7)  Form-Based Code:  Stop with all the over-lay zoning around downtown.  Just create an area called Jax 2.0 and have form-based codes for it.

Totally sensible - there's no reason not to shift to form-based code for the whole city, and even less reason not to do so for a set urban area.

8)  Put all City owned land up for RFP's and break the Shipyards land up into 10 separate tracts.  Give development right to the highest bidder and tell them the have 2 years to break ground.  If they don't break ground by then the development right go out for rebid with no refunds.

This one I'm not so sure about. The city-as-COJ owns less unused downtown property than people think (there's a lot of land owned by JTA and JEA, for example, which COJ doesn't have control over). RFP's have worked out better for some properties than others. But yes, in general, we should be more aggressive in returning property to the tax rolls.

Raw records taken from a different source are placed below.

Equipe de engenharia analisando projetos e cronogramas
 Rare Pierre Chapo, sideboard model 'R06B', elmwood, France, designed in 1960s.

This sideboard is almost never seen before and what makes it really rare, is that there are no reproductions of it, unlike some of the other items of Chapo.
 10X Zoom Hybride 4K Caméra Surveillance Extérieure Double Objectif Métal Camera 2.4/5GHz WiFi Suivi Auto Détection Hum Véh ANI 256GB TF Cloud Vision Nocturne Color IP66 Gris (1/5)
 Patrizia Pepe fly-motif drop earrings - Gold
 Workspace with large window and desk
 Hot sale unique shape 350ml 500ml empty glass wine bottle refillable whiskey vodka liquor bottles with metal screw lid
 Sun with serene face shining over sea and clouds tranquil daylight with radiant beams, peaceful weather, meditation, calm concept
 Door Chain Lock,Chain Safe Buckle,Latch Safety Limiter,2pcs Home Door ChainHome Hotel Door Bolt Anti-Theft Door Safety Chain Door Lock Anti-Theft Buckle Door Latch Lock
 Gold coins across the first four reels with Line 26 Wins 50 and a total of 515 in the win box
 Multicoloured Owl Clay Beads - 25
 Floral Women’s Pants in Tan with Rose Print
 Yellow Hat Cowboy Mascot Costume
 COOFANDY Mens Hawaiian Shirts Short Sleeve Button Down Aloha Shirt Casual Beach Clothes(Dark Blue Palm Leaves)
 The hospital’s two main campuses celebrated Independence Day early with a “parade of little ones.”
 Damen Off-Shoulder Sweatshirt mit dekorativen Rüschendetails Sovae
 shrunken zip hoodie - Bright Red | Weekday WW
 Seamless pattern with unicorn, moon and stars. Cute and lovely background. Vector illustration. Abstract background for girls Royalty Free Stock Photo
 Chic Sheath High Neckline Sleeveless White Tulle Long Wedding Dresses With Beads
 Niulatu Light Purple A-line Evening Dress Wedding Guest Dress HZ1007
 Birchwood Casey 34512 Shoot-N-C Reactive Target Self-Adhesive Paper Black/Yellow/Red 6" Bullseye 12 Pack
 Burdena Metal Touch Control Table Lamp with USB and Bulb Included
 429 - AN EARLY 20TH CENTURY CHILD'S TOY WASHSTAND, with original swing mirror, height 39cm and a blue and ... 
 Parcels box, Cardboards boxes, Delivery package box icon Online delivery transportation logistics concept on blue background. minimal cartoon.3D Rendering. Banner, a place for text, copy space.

9)  Move to a land value tax in the Jax 2.0 area.  Make land owners develop their property of sell it to someone who will.  No more land speculative squatting.  All that is doing is driving up prices and forcing growth to the suburban fringe which is a money-loser for the City.

Interesting idea. Don't know much about land value taxes or the effect they have on encouraging development.

Bring a real college/university to downtown - even if the City has to fund it.
Three of our colleges are increasing their presence downtown, which is a good start. However, there aren't a lot of colleges that up and move, and a lot of the ones that do, aren't the kind that really benefit the community - not nearly as much as branch space from established colleges and universities.

Overall, a lot of good, sensible suggestions.